Sunday, June 7, 2015
Dyed to Death, by K.G. McAbee
Last week I said my favorite story was all about setting. And here we are again.
McAbee's story won the Black Orchid Novella Award, given each year bu AHMM and the Wolfe Pack for a novella that best carries on the Rex Stout tradition. The winners usually have a Nero Wolfe/Archie Goodwin format, meaning a great detective and an assistant narrates the story. This is true in "Dyed to Death," but as I said, it is the setting that is the true main character.

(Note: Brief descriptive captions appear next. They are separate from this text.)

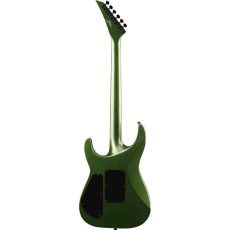 JACKSON X SERIES SLX DX - MANALISHI GREEN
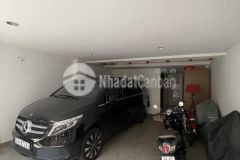 Bán nhà 5 tầng sang chảnh hxh 6m thông lê văn sỹ, q3, tặng nt, gara 2 oto, 5.513m, 21 tỷ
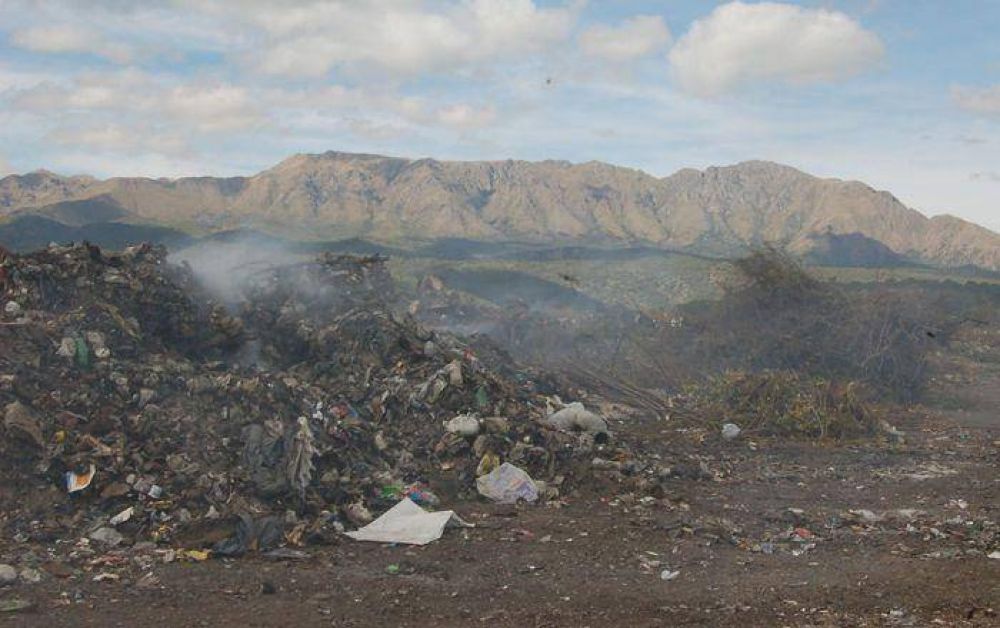 C�rdoba "no tan limpia" 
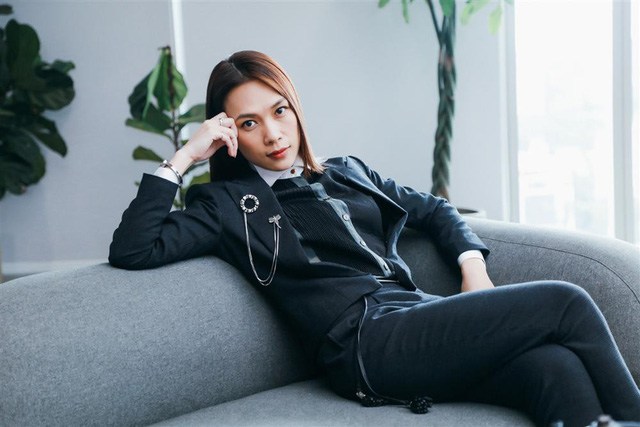 Mỹ Tâm công khai có tình cảm với Mai Tài Phến, thay đổi cách xưng hô ngọt ngào - 3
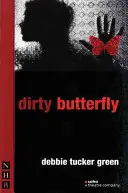 Papillon sale - Dirty Butterfly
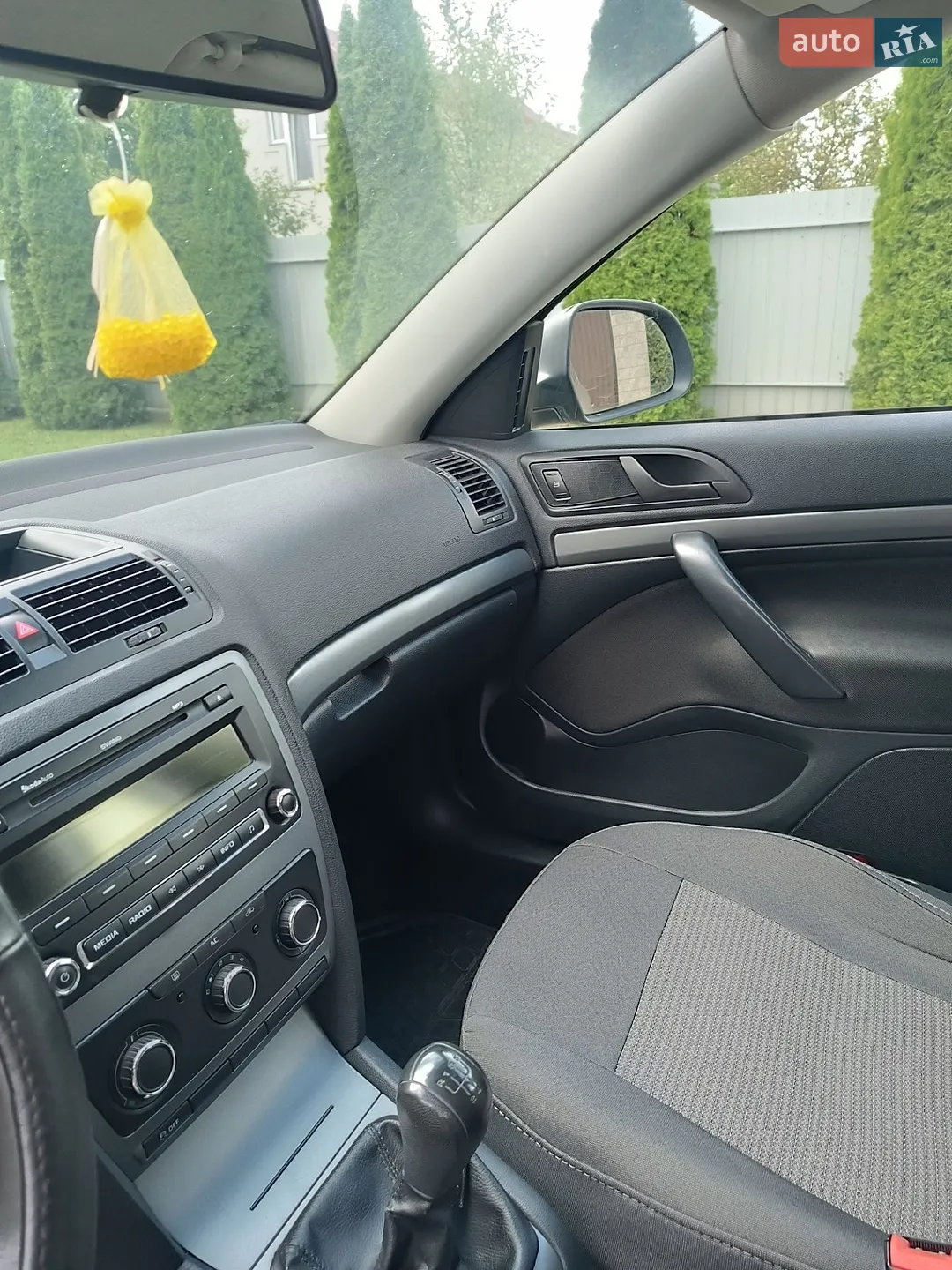 2012 Skoda Octavia - мініатюра 4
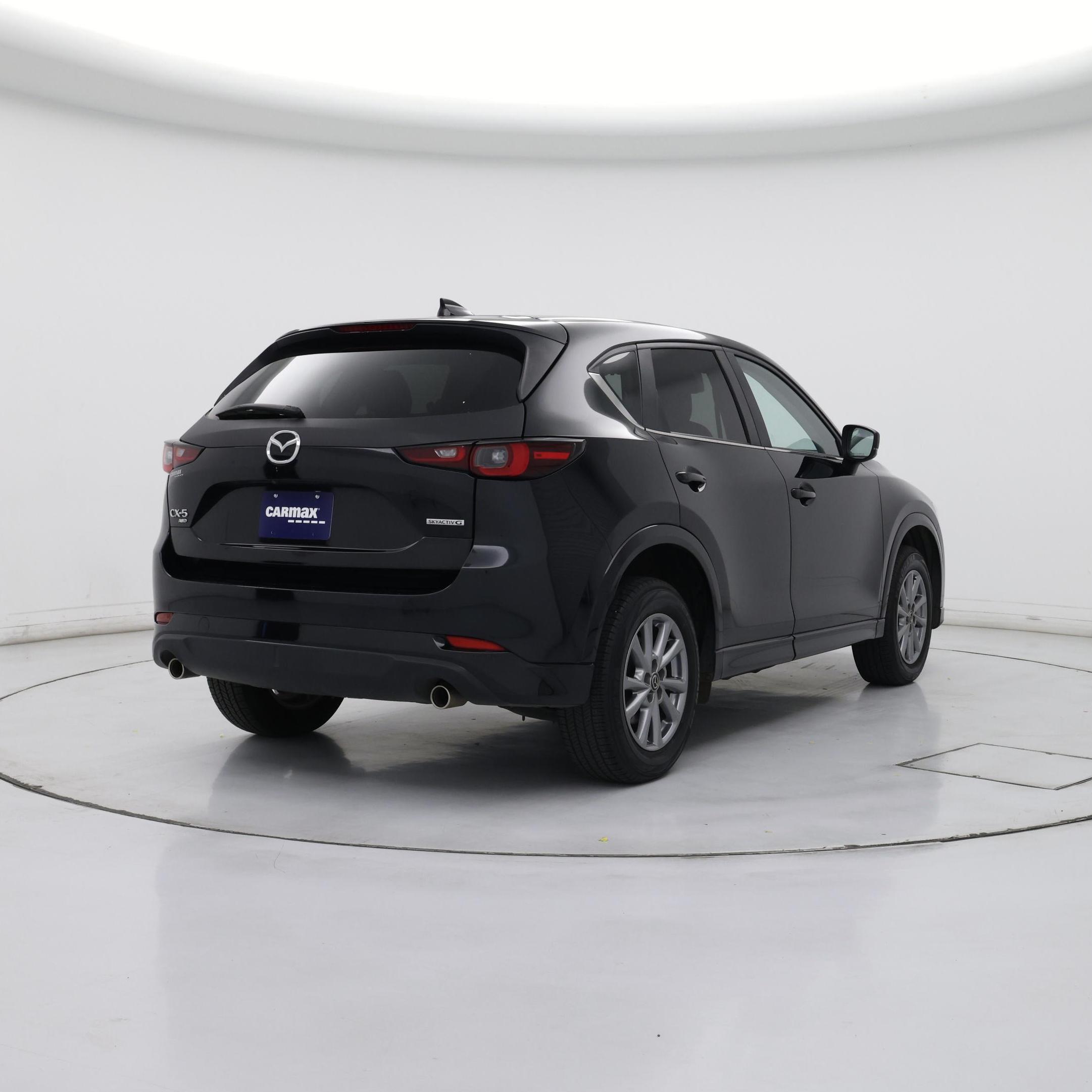 Thumbnail: 2024 Mazda CX-5 - 8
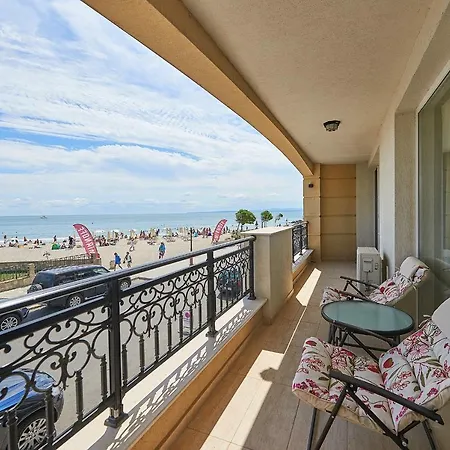 Penelope Palace Apart Hotel & Spa-3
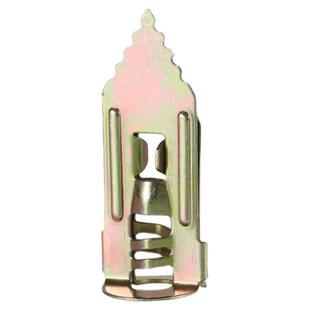 快速打入式石膏板膨胀螺丝埃特板水泥板保温板隔热板用飞机膨胀钉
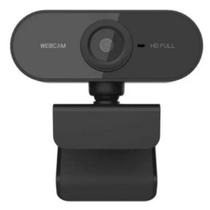 WebCam Portátil Full HD Visão 360 Graus - Doxa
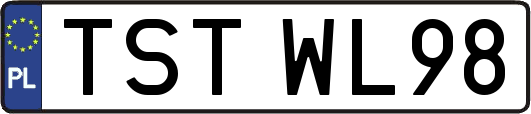 TSTWL98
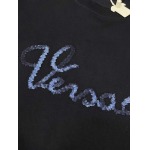 2025年7月10日入荷新作Versace半袖Tシャツ 高级品超厳選★入手困難/誕生日プレゼント/SUS工場S-2XL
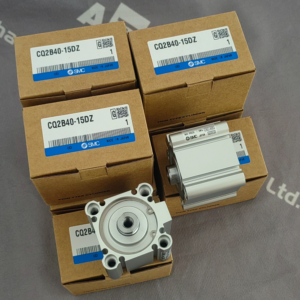 SMC CQ2B40-15DZ Compact Cylinder CQ2B4015DZ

It is the late twenties in a company town somewhere in the south. Our narrator is Sam, a boy in his late teens. He never recovered from an injury in the cotton mill when he was fifteen (the same mill killed his father) so he works at the company store. His boss is Guy Henson who, beside running the store is also the village constable. He also is a former millworker, but experiences in the Great War left him unable to tolerate loud noises.
When Sam finds a woman drowned in the river, dyed purple from the weekly dumping of a mill vat, Henson has to find out what happened. Sam, a dedicated reader of Black Mask, is thrilled to be able to participate.
I should say I didn't think the ending of this story was as strong as the rest of it. But McAbee gives us a strong sense of what life was like in a town where the mill owner set the rules and could throw you out of your home on a whim. I hope to see more of Guy and Sam.